Giga Metals said it expected the mine to have around a 30 year life span. The Turnagain project is regarded as among the largest undeveloped sulphide nickel deposits in the world. It is held in Hard Creek Nickel, which is a subsidiary company shared between Giga Metals (85%) and Mitsubishi Corp in Japan (15%).
Turnagain is considered to have excellent nickel product quality, at 18%, with the added bonus of 1.1% cobalt. It has a low carbon footprint and site operating costs of USD 3.85 per pound at site gate.
Giga Metals said that the project has positive economics, with a pre-tax IRR and NPV of 11.1% and USD 717m (7% discount rate). Post-tax IRR and NPV is 11.4% and USD 574m. This is based off a long term nickel price of USD 9.75 per pound, with 78% payability for nickel in concentrate.
Giga Metals to visit London
Mark Jarvis, CEO of Giga Metals, is visiting London this month and will be speaking at The Armchair Trader’s Beyond The Channel investor seminar on 30 November. If you are a professional investor and interested in meet Giga Metals at the event, please register for Beyond The Channel.
Large scale nickel projects in North America are going to be at a premium in the future, in our view. The supply chain for projected US giga factories has really not been fully mapped out, and an estimated 250,000 to 450,000 tons per year are likely to be needed in terms of raw feed to supply North American factories. That is a big ask.
Bear in mind most current nickel production is not suitable for batteries. In 2021 total refined production of nickel in North America was only 102,000 tons.

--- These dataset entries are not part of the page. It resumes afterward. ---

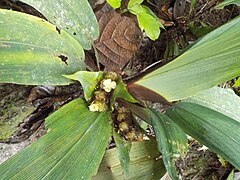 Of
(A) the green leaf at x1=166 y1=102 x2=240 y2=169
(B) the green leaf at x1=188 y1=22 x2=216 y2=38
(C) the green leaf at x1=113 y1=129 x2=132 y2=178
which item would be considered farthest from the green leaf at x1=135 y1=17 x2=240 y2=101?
(B) the green leaf at x1=188 y1=22 x2=216 y2=38

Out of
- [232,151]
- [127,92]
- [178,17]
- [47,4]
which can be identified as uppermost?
[47,4]

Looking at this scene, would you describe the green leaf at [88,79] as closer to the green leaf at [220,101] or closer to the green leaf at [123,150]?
the green leaf at [123,150]

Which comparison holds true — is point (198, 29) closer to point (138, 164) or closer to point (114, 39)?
point (114, 39)

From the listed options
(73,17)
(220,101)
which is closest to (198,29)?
(220,101)

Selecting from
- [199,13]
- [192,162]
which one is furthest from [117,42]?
[192,162]

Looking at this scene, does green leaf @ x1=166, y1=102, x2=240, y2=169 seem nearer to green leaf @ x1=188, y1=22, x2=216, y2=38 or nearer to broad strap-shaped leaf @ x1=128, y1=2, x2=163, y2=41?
broad strap-shaped leaf @ x1=128, y1=2, x2=163, y2=41

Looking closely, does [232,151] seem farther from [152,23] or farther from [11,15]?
[11,15]

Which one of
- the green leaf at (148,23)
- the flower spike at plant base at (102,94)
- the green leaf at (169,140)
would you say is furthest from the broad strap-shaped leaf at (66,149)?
the green leaf at (148,23) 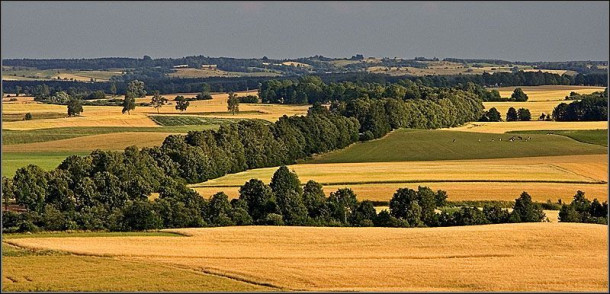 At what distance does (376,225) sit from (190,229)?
9.63 m

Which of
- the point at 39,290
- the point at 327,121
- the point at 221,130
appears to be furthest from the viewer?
the point at 327,121

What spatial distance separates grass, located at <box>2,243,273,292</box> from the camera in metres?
32.1

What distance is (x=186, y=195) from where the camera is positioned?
186 ft

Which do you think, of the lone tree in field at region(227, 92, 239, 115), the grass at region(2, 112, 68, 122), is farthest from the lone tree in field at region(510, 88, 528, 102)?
the grass at region(2, 112, 68, 122)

Another thing to consider is the US Inflation Reduction Act, passed last year, which aims to ensure more battery components are mined, refined or processed by the US or by its free trade allies. The goal here is to reduce dependence on Chinese critical minerals, ass neither China nor Indonesia – another major nickel producer – are US free trade allies.
Reliable clean nickel concentrate
Extensive metallurgical test work has shown that froth flotation can reliably create a high-grade clean concentrate, a very desirable product that can be upgraded to high purity Class One nickel for use in lithium-ion batteries. The cobalt produced is another critical element in battery production, adding to the long-term viability of the resource.

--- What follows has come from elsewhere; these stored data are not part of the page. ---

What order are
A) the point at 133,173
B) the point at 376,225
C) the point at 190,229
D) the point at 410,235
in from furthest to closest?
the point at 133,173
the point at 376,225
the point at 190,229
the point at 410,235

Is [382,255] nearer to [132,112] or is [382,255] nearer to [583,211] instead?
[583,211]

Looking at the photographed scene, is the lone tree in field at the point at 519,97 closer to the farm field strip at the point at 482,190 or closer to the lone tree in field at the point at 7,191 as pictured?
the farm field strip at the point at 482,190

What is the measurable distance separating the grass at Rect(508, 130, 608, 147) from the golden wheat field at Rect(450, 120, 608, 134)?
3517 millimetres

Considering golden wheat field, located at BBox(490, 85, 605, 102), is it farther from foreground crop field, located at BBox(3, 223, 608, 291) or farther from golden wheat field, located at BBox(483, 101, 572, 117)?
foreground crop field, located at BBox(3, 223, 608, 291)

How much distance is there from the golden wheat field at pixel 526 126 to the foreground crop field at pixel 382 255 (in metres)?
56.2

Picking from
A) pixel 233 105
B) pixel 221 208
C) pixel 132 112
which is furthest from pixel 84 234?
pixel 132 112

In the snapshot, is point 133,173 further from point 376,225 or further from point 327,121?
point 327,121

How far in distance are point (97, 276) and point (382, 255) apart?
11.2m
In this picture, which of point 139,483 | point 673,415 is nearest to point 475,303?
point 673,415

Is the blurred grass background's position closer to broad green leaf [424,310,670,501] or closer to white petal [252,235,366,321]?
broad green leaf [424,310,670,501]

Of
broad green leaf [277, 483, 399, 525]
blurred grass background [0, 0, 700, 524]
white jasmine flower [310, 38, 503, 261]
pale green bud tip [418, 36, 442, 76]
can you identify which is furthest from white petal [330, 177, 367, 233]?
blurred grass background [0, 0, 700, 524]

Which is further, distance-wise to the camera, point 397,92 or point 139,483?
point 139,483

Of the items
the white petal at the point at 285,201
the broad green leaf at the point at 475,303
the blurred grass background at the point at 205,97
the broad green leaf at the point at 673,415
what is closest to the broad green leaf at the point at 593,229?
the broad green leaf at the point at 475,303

The Turnagain property lies immediately north of the Turnagain River near its confluence with Hard Creek, 65 kilometres east of the community of Dease Lake. Dease Lake is located on Highway 37, some 400 kilometres north of the Port of Stewart.
An 80 kilometre access trail extending easterly from Dease Lake extends into the Turnagain property and is used to haul equipment and supplies. A 900 metre long dirt airstrip, expanded in 2008 and situated within the claims area on the north side of Turnagain River, accommodates small aircraft.

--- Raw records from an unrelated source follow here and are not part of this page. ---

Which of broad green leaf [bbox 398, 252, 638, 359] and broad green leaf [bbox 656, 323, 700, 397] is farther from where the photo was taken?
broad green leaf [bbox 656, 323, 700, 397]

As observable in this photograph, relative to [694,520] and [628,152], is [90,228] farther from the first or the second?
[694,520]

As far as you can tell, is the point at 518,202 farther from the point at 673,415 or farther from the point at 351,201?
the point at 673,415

Local geology for the Turnagain project
The Turnagain Nickel property covers the known extent of a zoned, Alaskan-type ultramafic intrusive complex in fault contact with Paleozoic to Early Mesozoic graphitic sedimentary rocks along its northern and eastern margins. The southern contact is not exposed, but several drill holes have penetrated the contact and intersected deformed, graphitic phyllites in fault contact with the ultramafic complex.
The Turnagain intrusion comprises a central core of dunite with bounding units of wehrlite, olivine clinopyroxenite, clinopyroxenite, hornblende clinopyroxenite, and hornblendite. The complex is elongate and broadly conformable to the northwesterly-trending regional structural grain.